Attualmente lo stato italiano deve circa 57 miliardi di euro a migliaia di imprese, non è puntuale nel pagamento delle fatture e in alcuni casi provoca il fallimento del fornitore con la conseguente perdita di posti di lavoro (nel 2017 la Commissione europea ha anche avviato una procedura d’infrazione contro l’Italia sull’attuazione della direttiva sui ritardi di pagamento). Tra le altre cose, la mozione invita il governo (non è stata approvata alcuna legge e spetta all’esecutivo decidere cosa fare) “a dare ulteriore seguito al processo di accelerazione del pagamento dei debiti commerciali delle pubbliche amministrazioni, anche valutando di assumere iniziative per l’ampliamento delle fattispecie ammesse alla compensazione tra crediti e debiti della pubblica amministrazione, oltre che la cartolarizzazione dei crediti fiscali anche attraverso strumenti quali titoli di stato di piccolo taglio”. In sostanza la camera dei deputati propone di accelerare la possibilità per le aziende di compensare i loro crediti deducendoli dalle tasse dovute allo stato. In più propone che lo stato cartolarizzi i suoi crediti fiscali, cioè li usi come garanzia nell’emissione di titoli di stato con cui pagare i fornitori. La mozione, in particolare, suggerisce l’emissione di titoli di stato di piccolo taglio, i cosiddetti minibot.

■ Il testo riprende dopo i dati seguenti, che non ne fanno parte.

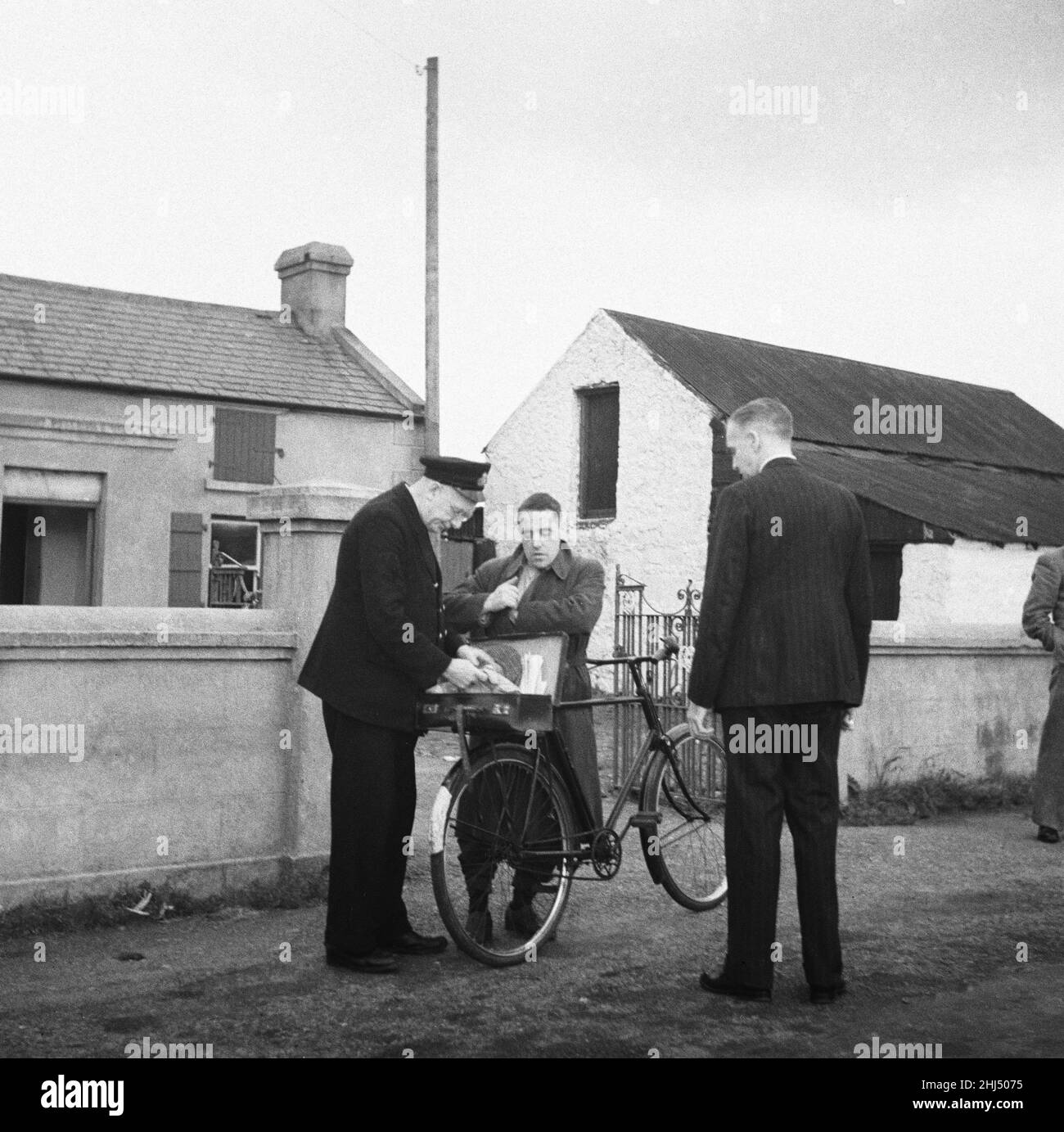 Ufficiale doganale che controlla i documenti di un uomo in bicicletta presso la posta di frontiera tra l'Irlanda del Nord e la Repubblica. Circa 1960. Foto Stock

I minibot potrebbero trasformarsi in una sorta di tassa occulta sulle aziende

La scelta di indicare i minibot come soluzione e soprattutto la natura giuridica di questi titoli non è affatto chiara e ha suscitato molte polemiche. Il 6 giugno Mario Draghi, il presidente della Banca centrale europea (Bce), ha illustrato la questione in questi termini: “O sono moneta, e quindi sono illegali, o sono debito, e quindi aumentano il debito pubblico. Nient’altro”. Anche il ministro dell’economia Giovanni Tria si è espresso dicendo che a suo parere non è soluzione praticabile.

In base alle regole di contabilità pubblica accettate a livello internazionale, i debiti della pubblica amministrazione non sono conteggiati nel debito pubblico, perché in teoria sono compensabili con altri crediti vantati dallo stato. Usare i minibot per estinguerli, quindi, vuol dire far rientrare quei 57 miliardi nel debito pubblico. In questo caso, come dice Draghi, i minibot sono semplicemente nuovo debito. Sarebbero peraltro inutili, visto che si possono emettere altri titoli già usati normalmente o che comunque un fornitore potrebbe rivalersi direttamente sulle tasse dovute allo stato. Inoltre, è probabile che un’impresa che cerchi di incassare soldi contanti rivendendo i minibot a una banca riceva meno del valore nominale del titolo: in questo caso i minibot si trasformerebbero in una sorta di tassa occulta sulle aziende.

Ma allora che senso ha proporli? A questo punto resta la seconda opzione indicata da Draghi: i minibot sono di piccolo taglio, non hanno né tassi d’interesse né scadenza e in teoria possono essere scambiati, quindi potrebbero diventare una moneta parallela all’euro. Se è così, si tratterebbe di una violazione dei trattati comunitari e di un passo decisivo verso l’uscita dell’Italia dalla moneta unica, un obiettivo perseguito più o meno apertamente da diversi esponenti dei partiti al governo, convinti di risollevare le sorti dell’economia italiana e mantenere le loro promesse elettorali facendo nuovi debiti, possibilmente con una moneta propria sganciata dalle regole e dai vincoli dell’Europa.

Questa prospettiva da paesi di Bengodi, però, si scontrerebbe con la durezza della realtà: molto probabilmente la nuova moneta non godrebbe di grande credibilità sia tra i cittadini comuni, che potrebbero sperimentare presto una sua forte svalutazione rispetto al più affidabile euro, sia verso gli investitori, che sarebbero ancora meno disponibili di oggi a prestare soldi allo stato italiano, aprendo la strada verso la sua insolvenza. A quel punto i minibot potrebbero rivelarsi molto dannosi oltre che inutili.